You can do so using the shell's eval command, to reinterpret the assembled string as a shell command. You can use $(cat) to capture the standard input as a string in the command to be evaluated.

:w !eval 'echo -e "'"$(cat)"'"'

Note that this is a concatenation of three strings, first being echo -e ", including the opening double quote and the last being a single double quote. The middle one "$(cat)" is itself inside double quotes in order to preserve spaces and newlines (that's before eval has a run on it.) Note that this solution is fragile, as if your input has any "s in it, it will potentially break the command.
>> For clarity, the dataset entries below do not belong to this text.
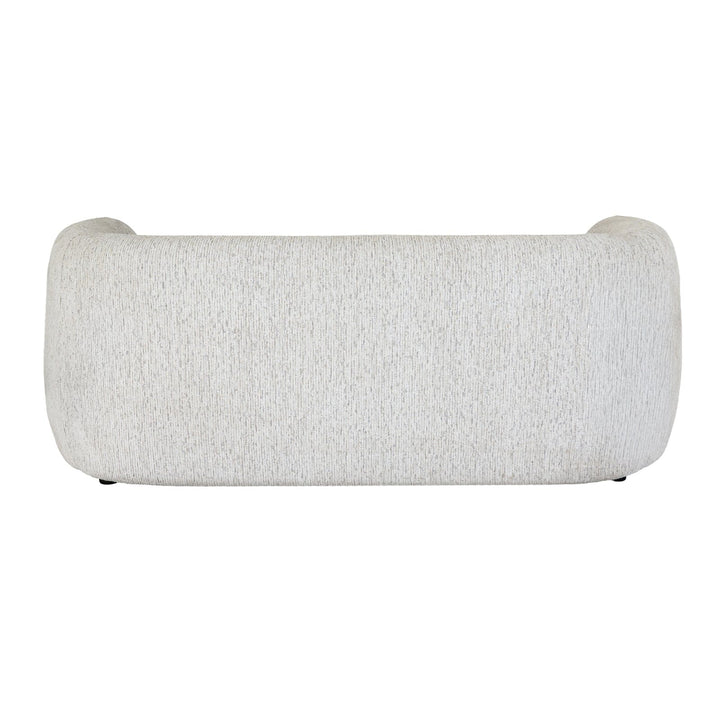 Shella Cream Textured Curved 2 Seater Sofa Sofa 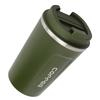 Double Layer Vacuum Mug Leakproof Lid Travel Mug Portable Insulated Mug  Cold Drinks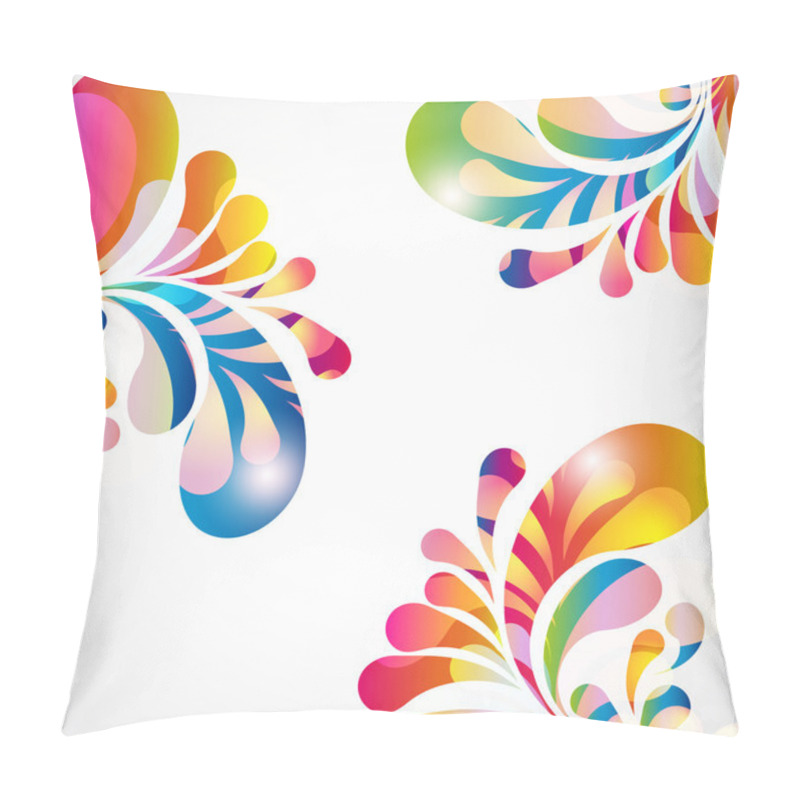 Personality  Abstract Background With Bright Teardrop-shaped Arches. Pillow Covers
But it's the closest one to your original example and to what you specified.

Vim solution

A solution within Vim is to use the :! command instead and assemble the shell command, in this case echo, inside Vim itself.

You can use :execute to run the command from a Vim string, and shellescape() to quote the argument to echo. Note that in this case you'll need to pass a non-zero second argument to shellescape(), so it escapes the newlines with a backslash, which makes it work correctly with :!.

First yank the visual selection into the default register with a y command.

Then execute the external command with:

:execute '! echo -e '.shellescape(@", 1)

(Here @" is the default register.)

This solution is quite robust to characters in the input, since shellescape() is doing the job of escaping special characters and quoting the string. (Note how we don't have any "s or 's that are passed to the shell, those are only Vim strings here.)

There's a small difference in how Vim runs :w !{cmd} and :!{cmd} here, in that with the former it doesn't clear the screen (switch back from the alternate screen) but does so with the latter.

One hacky workaround is to still use :w !{cmd} for the second case, perhaps with a small range of the current line. It will pass the external command that line as standard input, but as long as the command doesn't use the standard input, that shouldn't make a difference.

:execute '.w !echo -e '.shellescape(@", 1)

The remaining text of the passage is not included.